#### [PROBLEM STATEMENT]
Each line below from the one containing "Apartament Komorniki アパート" through the one containing "Apple iPhone Air" should be output exactly as it stands, and no other line should appear.

━━━━━━━━━━━━━━━━━━━━━━━━━━━━━━

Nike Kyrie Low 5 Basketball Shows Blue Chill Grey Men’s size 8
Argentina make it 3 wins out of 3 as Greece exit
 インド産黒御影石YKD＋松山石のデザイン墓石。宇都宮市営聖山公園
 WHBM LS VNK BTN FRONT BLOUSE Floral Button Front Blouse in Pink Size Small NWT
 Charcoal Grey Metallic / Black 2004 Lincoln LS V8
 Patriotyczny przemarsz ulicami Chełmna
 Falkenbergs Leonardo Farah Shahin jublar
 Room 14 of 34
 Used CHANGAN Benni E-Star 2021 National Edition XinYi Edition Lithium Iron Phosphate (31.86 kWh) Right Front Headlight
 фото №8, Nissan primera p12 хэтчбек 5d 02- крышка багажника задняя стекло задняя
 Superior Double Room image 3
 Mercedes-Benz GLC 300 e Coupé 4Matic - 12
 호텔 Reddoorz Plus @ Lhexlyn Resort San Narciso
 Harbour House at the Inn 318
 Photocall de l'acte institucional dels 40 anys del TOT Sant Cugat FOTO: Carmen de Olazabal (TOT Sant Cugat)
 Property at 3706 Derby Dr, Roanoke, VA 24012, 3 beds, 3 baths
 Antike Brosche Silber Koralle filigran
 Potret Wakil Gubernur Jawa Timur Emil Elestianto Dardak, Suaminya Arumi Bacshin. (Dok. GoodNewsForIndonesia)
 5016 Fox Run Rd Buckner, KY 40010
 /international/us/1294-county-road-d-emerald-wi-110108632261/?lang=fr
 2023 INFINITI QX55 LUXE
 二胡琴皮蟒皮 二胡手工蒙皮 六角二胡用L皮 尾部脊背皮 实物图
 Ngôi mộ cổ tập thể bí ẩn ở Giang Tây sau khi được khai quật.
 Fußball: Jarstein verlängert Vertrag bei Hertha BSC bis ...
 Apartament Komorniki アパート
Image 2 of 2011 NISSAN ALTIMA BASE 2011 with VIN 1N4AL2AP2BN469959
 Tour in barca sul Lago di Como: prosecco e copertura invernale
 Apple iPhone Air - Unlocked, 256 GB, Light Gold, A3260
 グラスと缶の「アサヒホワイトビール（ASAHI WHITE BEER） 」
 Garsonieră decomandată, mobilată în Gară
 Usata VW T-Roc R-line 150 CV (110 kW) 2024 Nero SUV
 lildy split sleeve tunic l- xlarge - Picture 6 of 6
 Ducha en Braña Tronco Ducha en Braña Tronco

━━━━━━━━━━━━━━━━━━━━━━━━━━━━━━

#### [SOLUTION FOR THIS EXERCISE]
 Apartament Komorniki アパート
Image 2 of 2011 NISSAN ALTIMA BASE 2011 with VIN 1N4AL2AP2BN469959
 Tour in barca sul Lago di Como: prosecco e copertura invernale
 Apple iPhone Air - Unlocked, 256 GB, Light Gold, A3260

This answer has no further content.